- [REQUIREMENT] Make a verbatim copy of all the records. Skip every image.
== RECORDS TO PROCESS
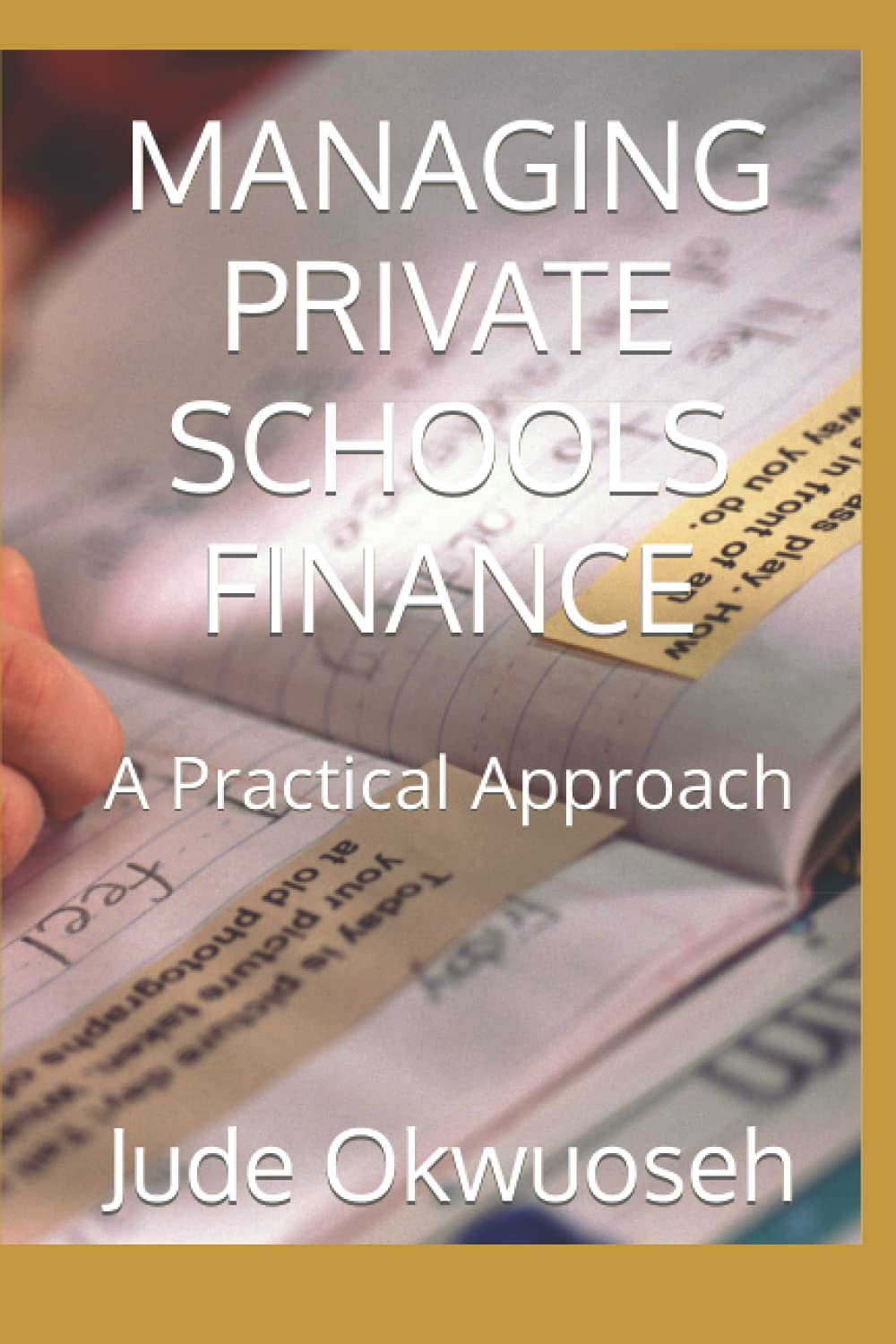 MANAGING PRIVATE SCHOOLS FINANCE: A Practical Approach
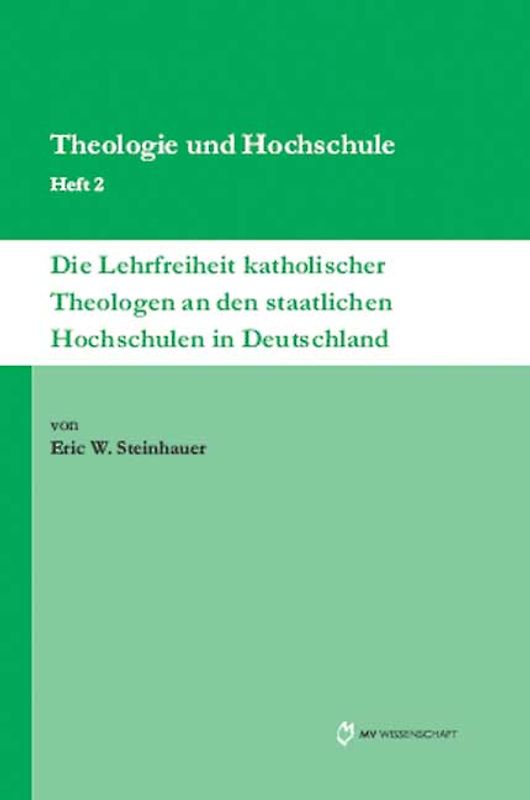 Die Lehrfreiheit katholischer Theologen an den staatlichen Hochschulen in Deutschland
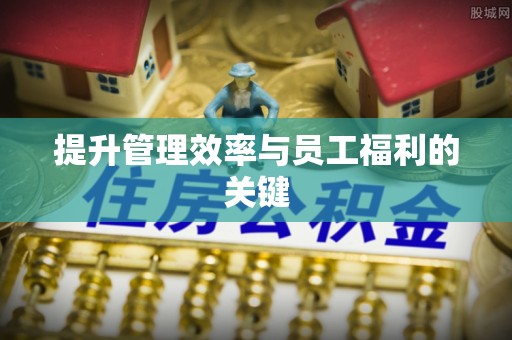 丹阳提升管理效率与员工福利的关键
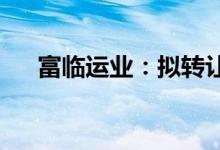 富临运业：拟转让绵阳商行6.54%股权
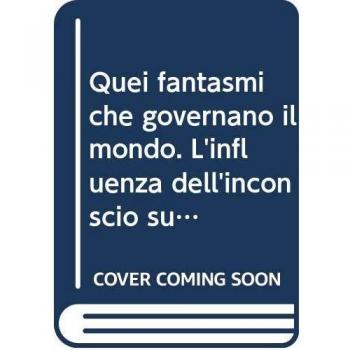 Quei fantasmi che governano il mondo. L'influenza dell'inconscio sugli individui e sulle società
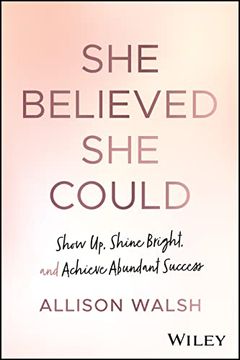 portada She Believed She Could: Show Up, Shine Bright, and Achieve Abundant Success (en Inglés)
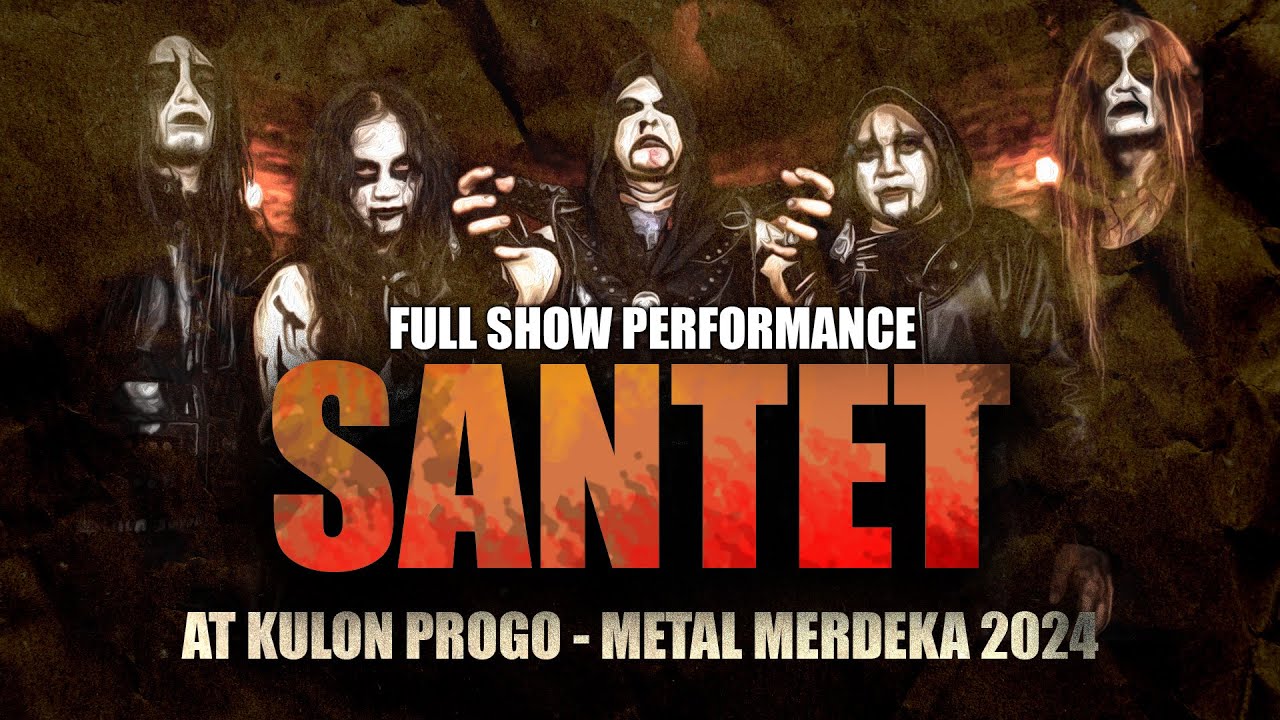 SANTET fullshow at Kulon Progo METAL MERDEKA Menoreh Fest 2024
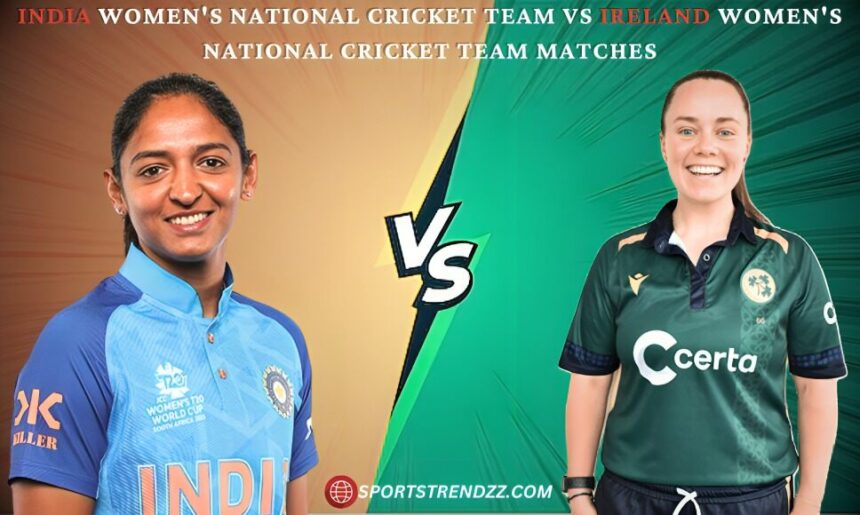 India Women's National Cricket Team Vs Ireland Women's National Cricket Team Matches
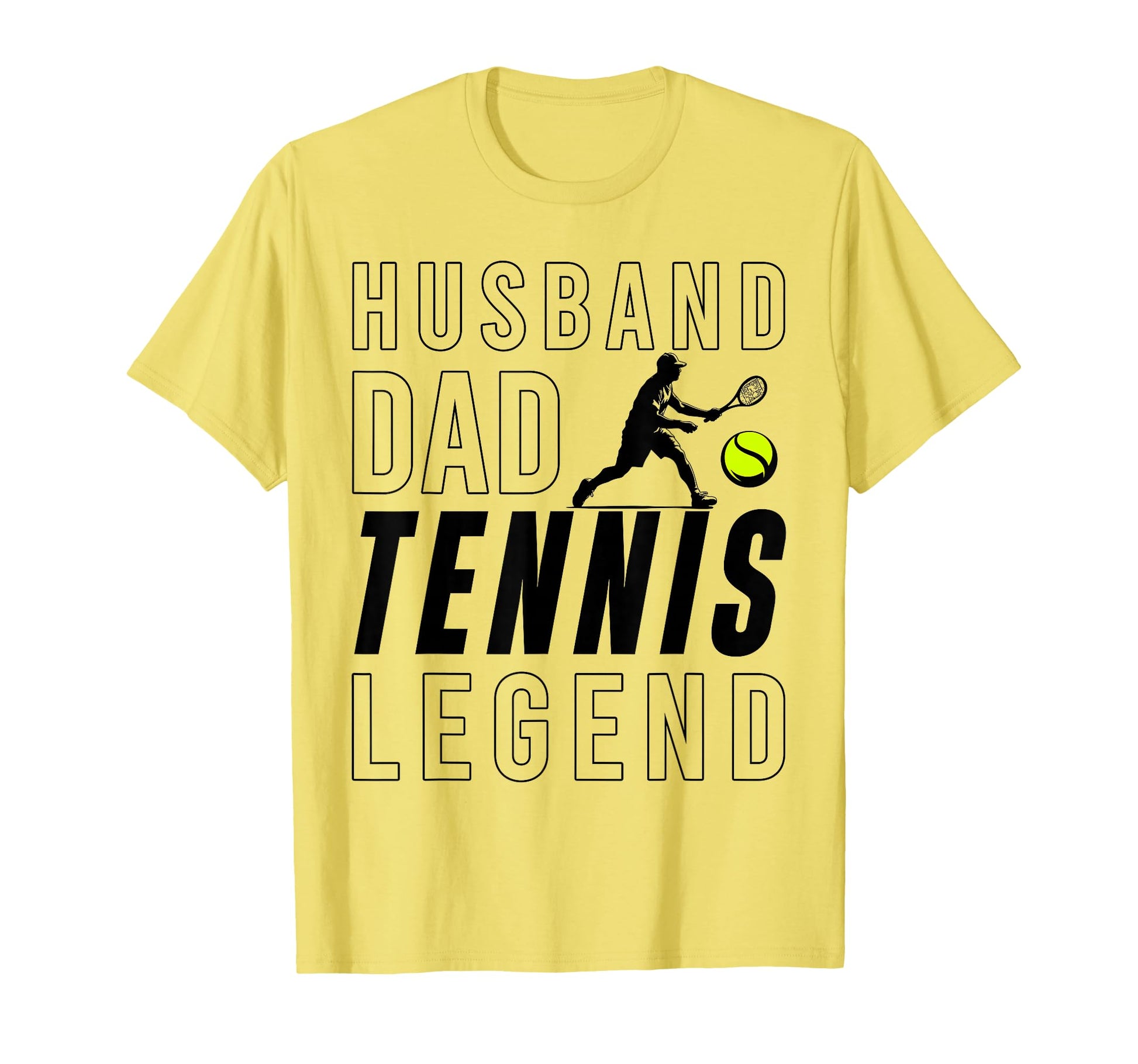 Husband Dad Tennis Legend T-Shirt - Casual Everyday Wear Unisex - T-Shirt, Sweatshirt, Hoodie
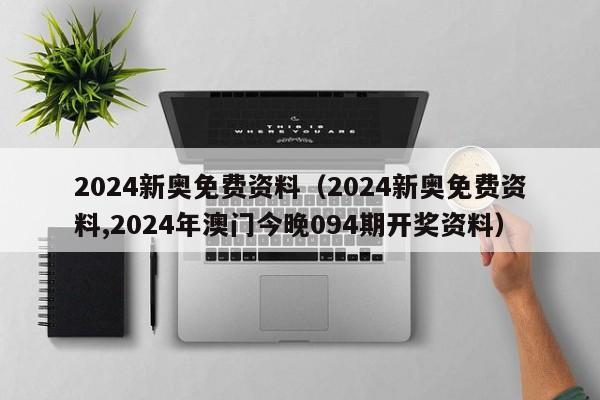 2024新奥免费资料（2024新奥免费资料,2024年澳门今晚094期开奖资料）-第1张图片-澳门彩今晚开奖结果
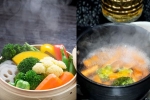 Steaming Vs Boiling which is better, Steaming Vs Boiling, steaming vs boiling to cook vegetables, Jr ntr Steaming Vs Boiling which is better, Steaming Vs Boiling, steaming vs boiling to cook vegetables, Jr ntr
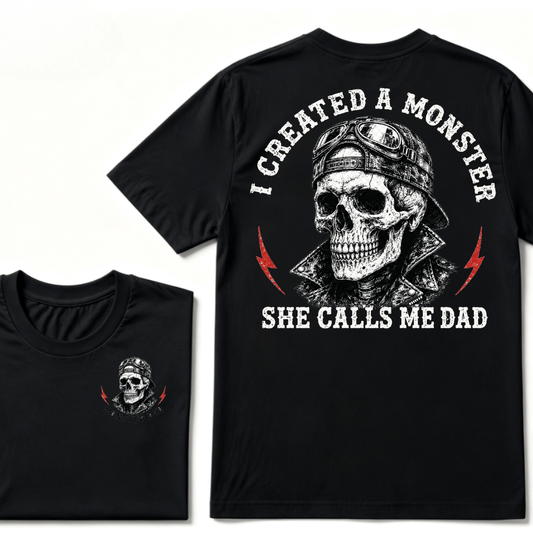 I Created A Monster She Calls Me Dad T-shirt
====
- [YOUR RESPONSE]
 MANAGING PRIVATE SCHOOLS FINANCE: A Practical Approach
 Die Lehrfreiheit katholischer Theologen an den staatlichen Hochschulen in Deutschland
 丹阳提升管理效率与员工福利的关键
 富临运业：拟转让绵阳商行6.54%股权
 Quei fantasmi che governano il mondo. L'influenza dell'inconscio sugli individui e sulle società
 portada She Believed She Could: Show Up, Shine Bright, and Achieve Abundant Success (en Inglés)
 SANTET fullshow at Kulon Progo METAL MERDEKA Menoreh Fest 2024
 India Women's National Cricket Team Vs Ireland Women's National Cricket Team Matches
 Husband Dad Tennis Legend T-Shirt - Casual Everyday Wear Unisex - T-Shirt, Sweatshirt, Hoodie
 2024新奥免费资料（2024新奥免费资料,2024年澳门今晚094期开奖资料）-第1张图片-澳门彩今晚开奖结果
 Steaming Vs Boiling which is better, Steaming Vs Boiling, steaming vs boiling to cook vegetables, Jr ntr Steaming Vs Boiling which is better, Steaming Vs Boiling, steaming vs boiling to cook vegetables, Jr ntr
 I Created A Monster She Calls Me Dad T-shirt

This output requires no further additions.